2.) Will they be expecting this, or will they be expecting that the 2000 agreed figure already includes spanish VAT (they won't know what IVA.

3.) if they have to pay this, can they reclaim it?

How does it all work?

Thanks

N


----------



## Megsmum (Sep 9, 2012)

neorich2002 said:


> Hi all,
> 
> I live in Spain but I have just been offered an IT job with a UK company but they want to take me on as a contractor so they don't have to deal with Spanish tax etc.
> 
> ...


From my limited experience in invoicing a U.K. company who were NOT VAT in U.K., I had to register in Spain for IVA and charge the company the 21% IVI and pay this every three months to the Spanish government. In my case the amounts varied. As I am no longer IBI registered here, as I no longer do that job, that’s all I can advise. You will have to register here as autonomo and pay those relevant costs etc


----------



## ccm47 (Oct 15, 2013)

I realise that you probably *won't* bother to tell this to the company in the UK but they cannot have a contractor earning a set fee each month. Hopefully their accountants will jump on them before HRMC does.
Contractors are self-employed and that means there is an element of risk to the contractor, hence they invoice a company for work done and liability for IVA in Spain. If by any chance a contractor is ill or takes a holiday then no invoice is submitted for that period. If a job takes longer to complete than is envisaged or has errors and the agreement has been for x euros, then the contractor has to finish the job without getting additional money so they lose their time.

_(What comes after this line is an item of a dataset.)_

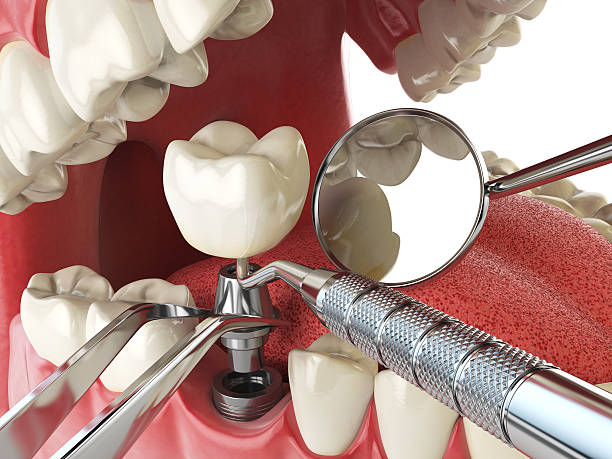 Best Cracked Tooth Emergency Dentist  in Duquesne, PA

I trust, for your own sake, that this is very much part time work. I cannot imagine any skilled UK resident contractor agreeing to an end renumeration of £21k per annum for a long term, full time project. (€2000 x 11 months in a working year). By the time they had deducted overheads they would be left with around £17k.


----------



## Overandout (Nov 10, 2012)

My understanding is that general rule for IVA on services is that it is imposed on where they are delivered / used, i.e. in this case UK.

Look at the "B2B" example quoted in this guide:

https://ec.europa.eu/taxation_customs/business/vat/eu-vat-rules-topic/where-tax_en

VAT rules are however based on EU directives so this will possibly all change soon.


----------



## Megsmum (Sep 9, 2012)

Overandout said:


> My understanding is that general rule for IVA on services is that it is imposed on where they are delivered / used, i.e. in this case UK.
> 
> Look at the "B2B" example quoted in this guide:
> 
> ...


Could well be correct as mine was based on a company in the U.K. but services actually in Spain


----------



## Mforster (Mar 27, 2019)

My partner has recently registered as autonomo in Spain and is working abroad on a project (in Europe). He submits his invoices WITHOUT IVA/VAT. I assume there is an agreement concerning the income tax between EU countries. As mentioned, not sure how that will affect UK in the future when no longer part of the EU.
One thing he had to make sure was on the invoice was his IVA number and the "IVA" number of the company he was invoicing.

I think, if you're "just a contractor" then you will pay the income tax in the country you're working and will have to claim it back I suppose.


----------